The tariff wars have begun. Effective July 1, Canada imposed hundreds of duties on American products as retaliation for American tariffs on aluminum and steel from Canada. The concept is to hit U.S. exporters sending goods to Canada with costs that match the hit Canadian exporters are taking when they send products to the U.S.
For consumers in Canada, the new tariffs are a maze of trivial charges on such things as licorice, candy and toffee, non-frozen orange juice, mayonnaise, salad dressing, soups and broths, ketchup, shaving cream, bobbins and spools, thin sheets of plywood and automatic dishwasher detergent. Canada is hitting back with tariffs on 229 goods. Many tariffs are focused on goods from states that voted for President Trump in 2016, e.g., bourbon from Kentucky, which is the home of Senate majority leader and Republican éminence grise Mitch McConnell, and dairy products from speaker of the House Paul Ryan’s home of Wisconsin.
There are two kinds of products on the list targeting Canada – industrial inputs like various kinds of steel and pipe that will be subject to a 25 per cent duty and consumer goods to be hit with 10 per cent duties. The list has obscure stuff most people have never heard of like silico-manganese steel.
Nevertheless, a few things, such as sheet steel for cars, if charged with the 25 per cent levy on sheet steel, would be devastating. The tariffs, if applied, could cascade to even higher costs, depending how the accounting is done. Wags are calling it “car-mageddon,” and it surely is. Jerry Dias, president of Unifor, which represents thousands of auto workers, said in Parliamentary hearings on June 26, “There is not an assembly plant in Canada that will survive a 25 per cent tariff because almost everything we build goes to the United States.”

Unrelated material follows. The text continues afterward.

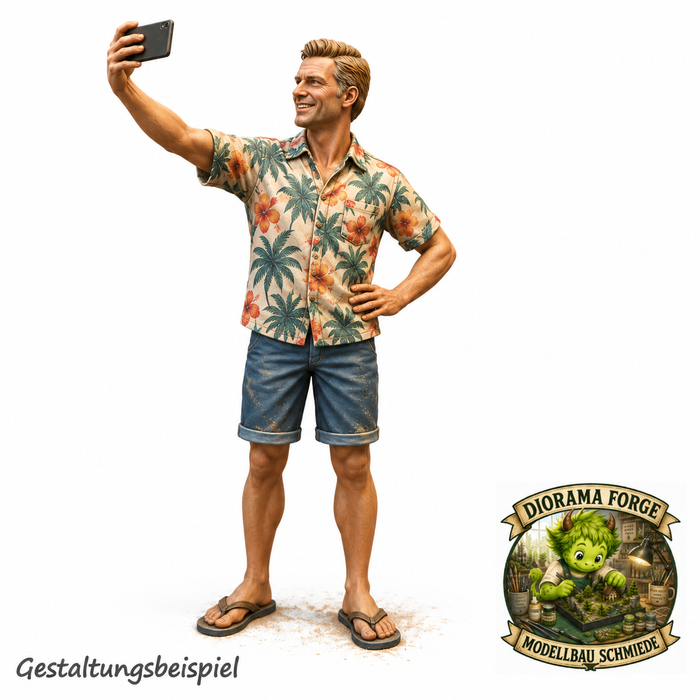 Strand Selfie Tourist - (DF-840)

The trade spat is politics and old politics at that. But, first, a word of explanation. Though targeted to have an expected harm on a country or industry, tariffs usually do not work well. Indeed, as we’ll see, they tend to have the effect of hurting the country imposing the tariffs as much or more than the target of the tariffs.
If Country A – the U.S., of course – adds tariffs to, say, steel (as the U.S. has done to Canadian rolled and sheet metal) and the product is widely used, as steel is and aluminum is, costs of production rise, driving up Country A’s cost of living. The central bank, in this case, the Federal Reserve Board, sees inflation rising and raises interest rates to counter it. Foreign investors and large foreign banks see higher rates and buy American dollars to park their cash. Buying U.S. dollars by the billions, for this is the daily volume of foreign currency markets, drives up the price of the U.S. dollar in terms of other currencies and then makes U.S. products more expensive. So the U.S. markets supposedly protected by tariffs on Round 1 soon find that goods are harder to export. Sales fall.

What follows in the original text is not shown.